WHAT YOU ARE ASKED TO DO
Whatever precedes the line containing "加須市南大桑　Livele Fine　新築戸建　全7棟　1号棟の画像" is not copied; that line and every line after it through the final one below are copied exactly, except pictures.

[Short text fragments from websites]
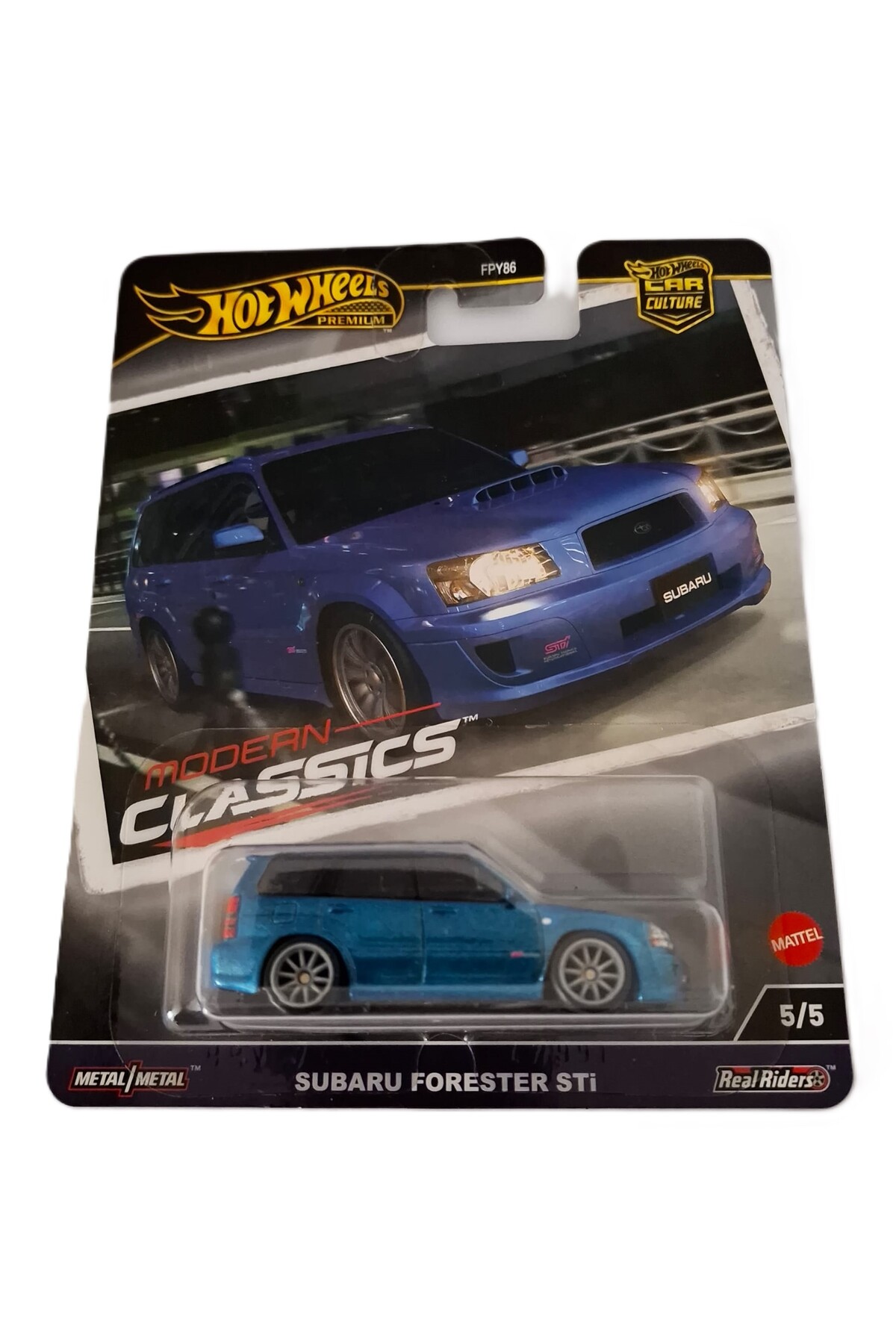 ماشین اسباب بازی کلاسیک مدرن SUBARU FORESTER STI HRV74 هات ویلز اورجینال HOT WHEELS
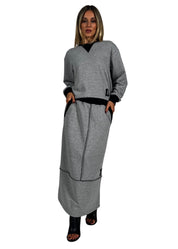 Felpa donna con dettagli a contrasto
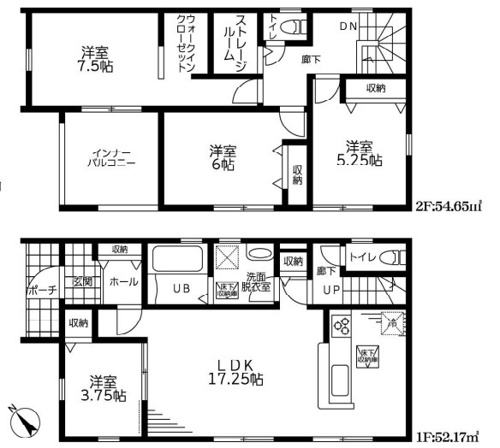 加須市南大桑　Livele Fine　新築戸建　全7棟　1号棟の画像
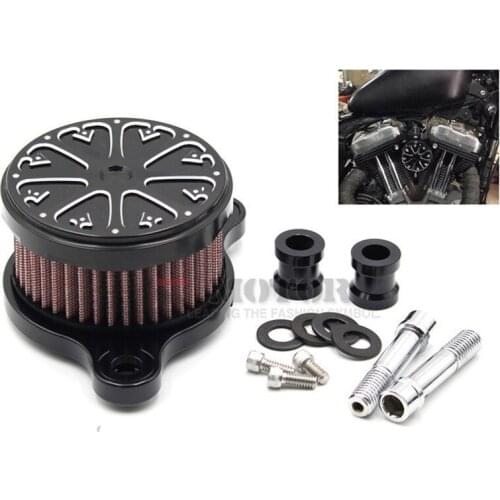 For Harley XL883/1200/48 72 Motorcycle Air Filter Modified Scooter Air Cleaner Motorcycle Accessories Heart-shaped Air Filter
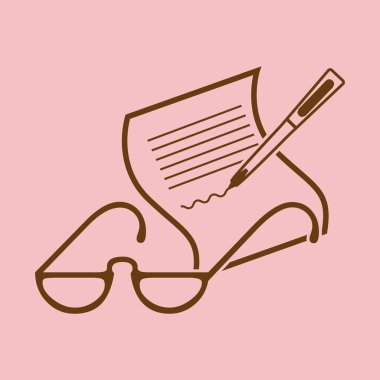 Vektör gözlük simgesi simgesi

RESULT FOR THIS TASK
 加須市南大桑　Livele Fine　新築戸建　全7棟　1号棟の画像
 For Harley XL883/1200/48 72 Motorcycle Air Filter Modified Scooter Air Cleaner Motorcycle Accessories Heart-shaped Air Filter
 Vektör gözlük simgesi simgesi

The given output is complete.